Debt regulation may be years away

The Insolvency
Practitioners Association
has warned that the
Office of Fair Trading is
unlikely to provide rigorous scrutiny of debt management companies for years.

The government gave its competition watchdog new powers earlier this year to
resolve fears of mis-selling to struggling debtors, who account for a sizeable
chunk of the trillion-pound consumer debt mountain.

Debt management companies have been accused of providing poor advice to
debt-ridden consumers, including pushing individual voluntary arrangements where
bankruptcy would be a better option.

But IPA chief executive Nick Sabin told Accountancy Age it could
take as long as four years for the OFT to check up on the quarter of a million
new licences that it will be handing out from 2008 following a change in its
powers under the Consumer Credit Act 2006.

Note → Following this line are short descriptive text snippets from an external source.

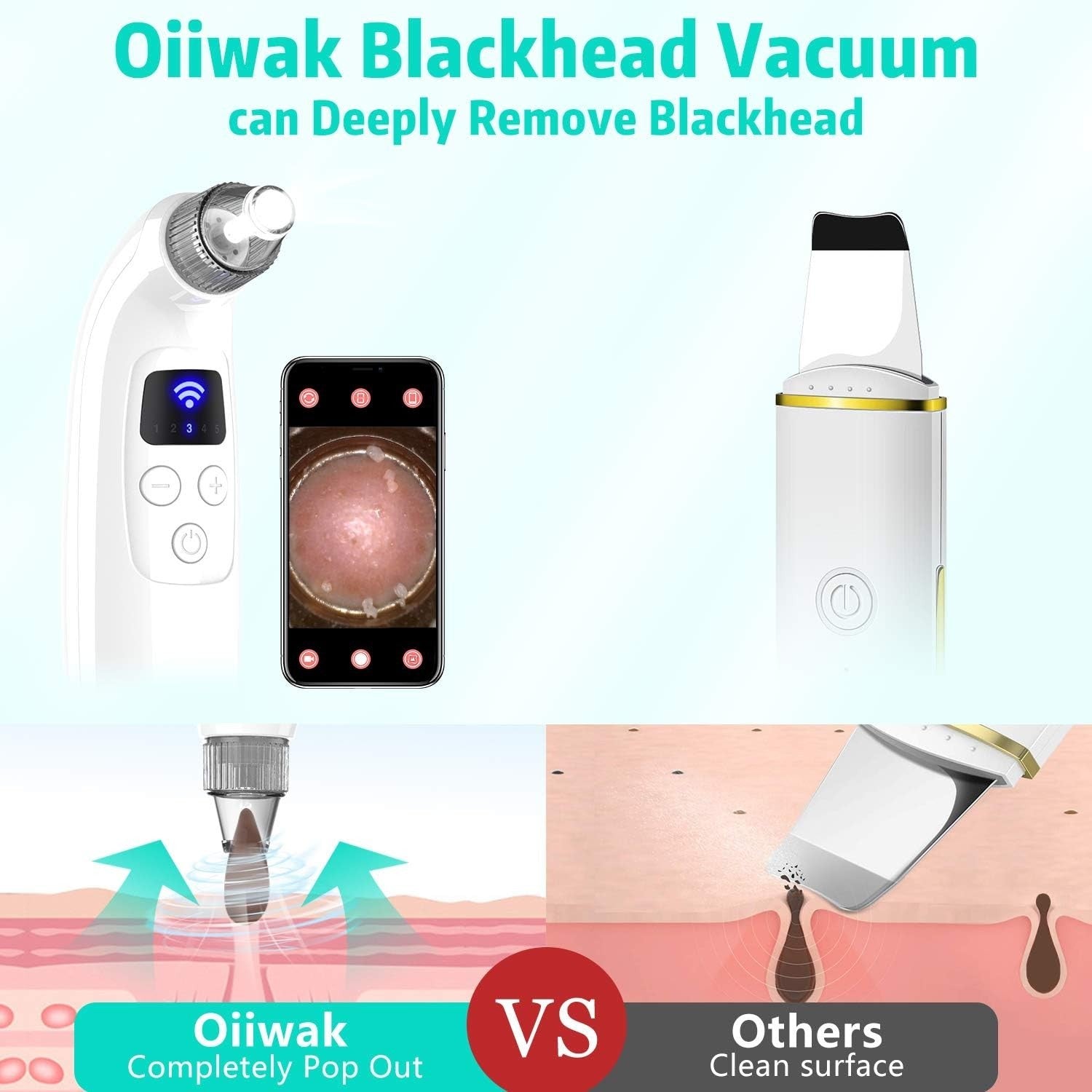 Oiiwak 5MP Visible Blackhead Vacuum, Blackhead Remover with Camera, Electric WiF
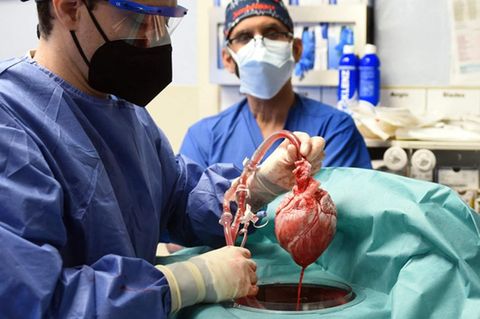 USA: Ärzte transplantieren genverändertes Schweineherz
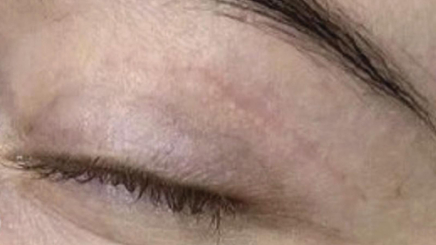 Фото ПОСЛЕ процедуры: Послеоперационные рубцы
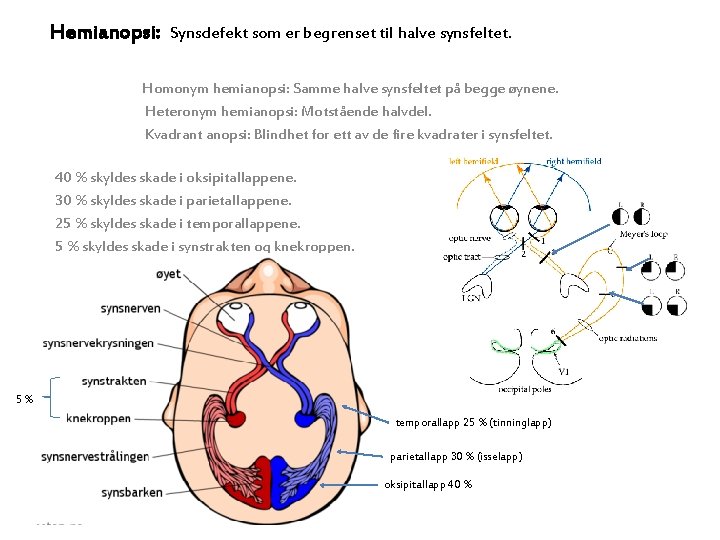Hemianopsi: Synsdefekt som er begrenset til halve synsfeltet. Homonym hemianopsi: Samme halve synsfeltet på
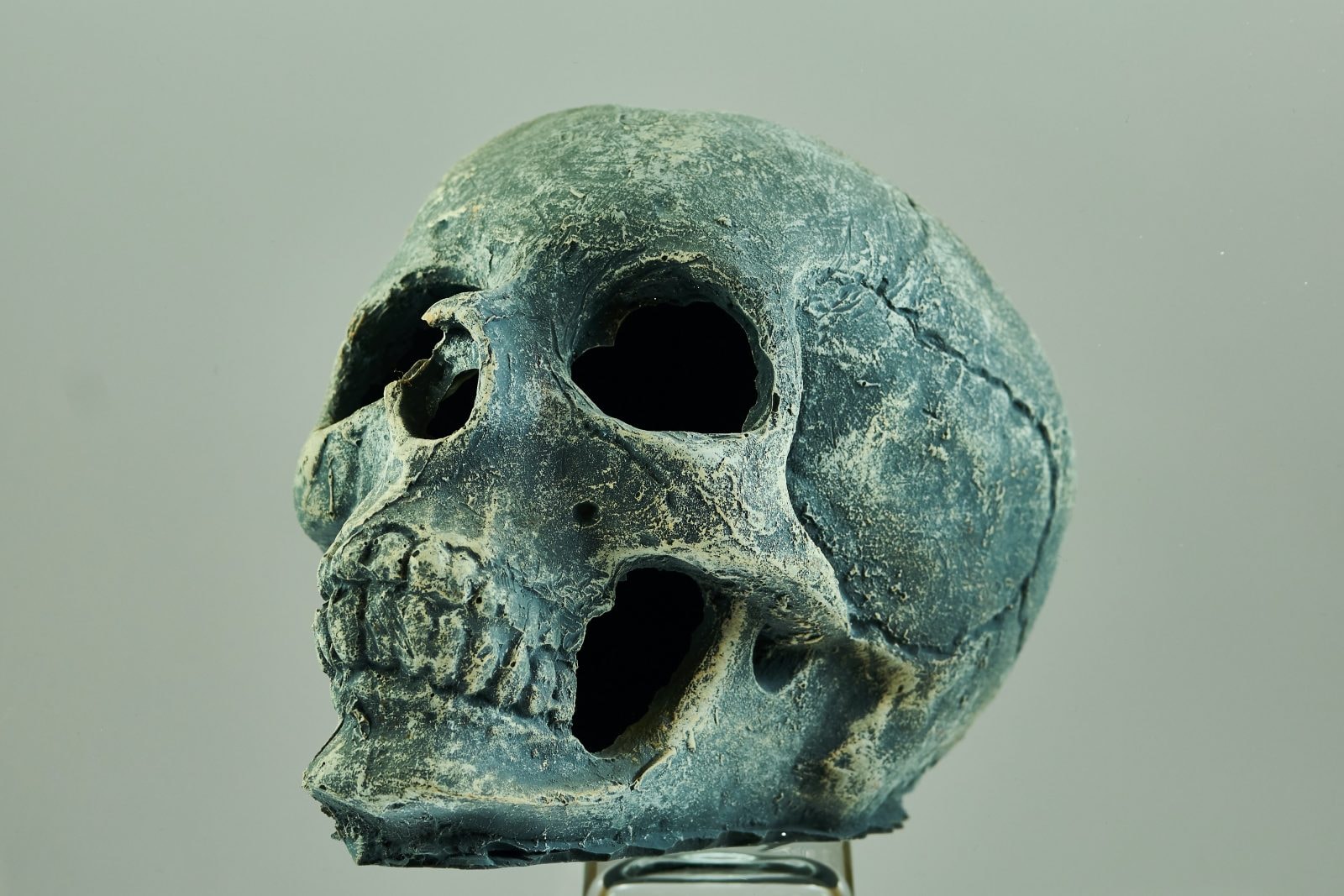 Czaszka kobiety nosi ślady niejednej operacji. Aż dziw bierze, że takie zabiegi wykonywano 1500 lat temu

‘The OFT will have powers to license and discipline, so the government has
said it has dealt with it,’ said Sabin. ‘But how quickly can the OFT do it? It’s
a big process to go through.’

IPA proposals to regulate debt management companies have been dismissed by
the government, which believes the OFT will be able to regulate the industry

‘We have lobbied government but have completed that stage as far as we’re
concerned,’ said Sabin.

The IPA is now talking with the Money Advice Trust and others to establish
best practice advice guidelines for anyone advising debtors. The advice could be
aimed at public and voluntary bodies such as the Citizens Advice Bureau, as well
as the debt management industry.

Another IPA plan is for an accreditation scheme for consistent and timely
best advice, impartial advice, training for staff and corporate governance
within the debt management industry. But discussions about who would operate the
accreditation have not yet begun.

A spokesman for the OFT said it expected the transition to go smoothly, as it
would be a similar process to that which already existed.